Who are our local partners in prevention to assist us with educational programming and resources for our employees or community?

Lunch-n-learn presentations or wellness events provide a great opportunity to educate people about what they can do to prevent substance use. These events show your care about your employees, their families, and the community.  They provide employees with information and resources that may help them or a family member.  There are prevention providers contracted throughout the State of Maine to provide substance abuse prevention services.  There are also Drug Free Community coalitions across the State who may be able to help.  You may not see an organization listed in your town or city specifically, yet, many of these coalitions serve a broad geographic area.   Reach out to the closest one near you.  Enforcement agencies and medical or treatment professionals in your community may be well equipped to assist you as well.  The Maine CDC Tobacco and Substance Use Prevention Program hosts the Maine Prevention Store  where you can find a wide variety of free health resources.  Post information in break rooms and have resources readily available.

How can I recognize if someone in the organization has a substance abuse problem?

Signs of substance use may be obvious such as

  • Slurred speech
  • Glassy eyes
  • Erratic behavior
  • An accident or fall

Other signals may be more subtle, including

  • Fatigue
  • Poor hygiene
  • Reduced productivity
  • Talk about relationship problems
  • Frequent absenteeism

These signs could also be because of other health issues or life events.  It is not your responsibility to diagnose an employee. It is your role to recognize that they are having trouble.  If you are not the supervisor, bring your concerns to someone who is in that capacity. It can be a manager, security officer, or human resource personnel.  If you are a supervisor, speak with the employee in a supportive and respectful manner. Focus on what you are observing and the behavior you are concerned about; if the situation allows, speak in confidence.  Be sure to follow your agency’s policies regarding reporting, documentation, and provision of employee assistance. 

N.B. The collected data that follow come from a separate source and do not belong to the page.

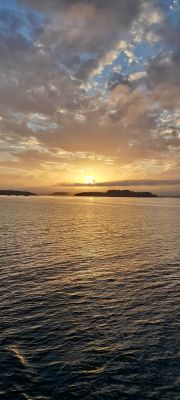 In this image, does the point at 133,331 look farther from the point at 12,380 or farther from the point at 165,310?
the point at 12,380

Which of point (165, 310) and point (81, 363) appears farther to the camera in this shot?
point (165, 310)

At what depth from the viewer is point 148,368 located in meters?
16.7

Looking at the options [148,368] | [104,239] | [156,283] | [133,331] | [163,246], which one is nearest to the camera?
[148,368]

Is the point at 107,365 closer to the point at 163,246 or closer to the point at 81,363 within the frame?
the point at 81,363

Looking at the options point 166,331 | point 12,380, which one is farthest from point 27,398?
point 166,331

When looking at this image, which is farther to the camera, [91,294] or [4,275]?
[4,275]

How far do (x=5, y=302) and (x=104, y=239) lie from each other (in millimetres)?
40217

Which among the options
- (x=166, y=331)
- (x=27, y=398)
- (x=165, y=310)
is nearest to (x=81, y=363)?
(x=27, y=398)

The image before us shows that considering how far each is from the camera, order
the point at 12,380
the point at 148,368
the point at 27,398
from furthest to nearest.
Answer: the point at 148,368, the point at 12,380, the point at 27,398

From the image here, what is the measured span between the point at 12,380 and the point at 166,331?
11.1 m

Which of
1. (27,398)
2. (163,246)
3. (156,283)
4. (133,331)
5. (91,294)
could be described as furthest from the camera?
(163,246)

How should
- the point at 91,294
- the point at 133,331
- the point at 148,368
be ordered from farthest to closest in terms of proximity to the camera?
1. the point at 91,294
2. the point at 133,331
3. the point at 148,368

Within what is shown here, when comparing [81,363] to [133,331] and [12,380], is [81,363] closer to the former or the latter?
[12,380]

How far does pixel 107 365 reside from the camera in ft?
55.5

Maine's Department of Labor offers Impairment Detection for Employers and Supervisors training as part of their SafetyWorks! Program.  The training is offered six times a year.  Use the key word search on the Safety Works! training listing site to learn about upcoming offerings.

How can I help a colleague who has a substance use problem?

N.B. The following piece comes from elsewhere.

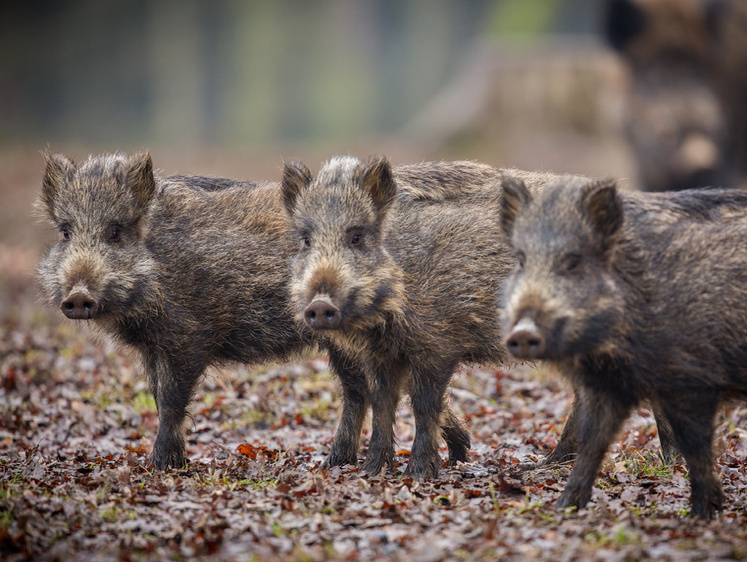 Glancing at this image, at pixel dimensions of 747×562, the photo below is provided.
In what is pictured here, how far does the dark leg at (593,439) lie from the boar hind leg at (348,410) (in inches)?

If you are noticing signs and symptoms at work, their use is most probably already causing problems in their life. Let them know you are concerned and that you care.   If they choose to talk to you about their use, or problems, listen in confidence (if the situation allows).

Remind them of the positive things in their life, and encourage substance use behaviors that will help them maintain those things. Inform them of the ways substance use is impacting colleagues and the organization and that it could impact their job.  

Be supportive by offering resources or help with identifying counseling and treatment services in the community. Let them know how you can support them if they are willing to seek assistance.  Remain respectful and supportive if they choose not to speak with you about their use. The National Institute on Drug Abuse’s What to Do If Your Adult Friend or Loved One Has a Problem with Drugs offers more, information that may be helpful for you or others at your organization. 

Both in and outside of my organization, what can I do to help combat substance abuse?

Everyone can do things in their professional and personal lives to reduce substance use from affecting their organization, community, and Maine. 

You can:

  • Learn more about substance use issues
  • Speak with others who have similar concerns
  • Reduce access
  • Be a positive role model
  • Empower people to work towards their goals
  • Monitor
  • Report concerning situations or suspicious activity
  • Help people feel like people and the community care about them and want to see them thrive

Anyone can become involved in prevention initiatives, a local community coalition, and advocate for substance use prevention in the work place.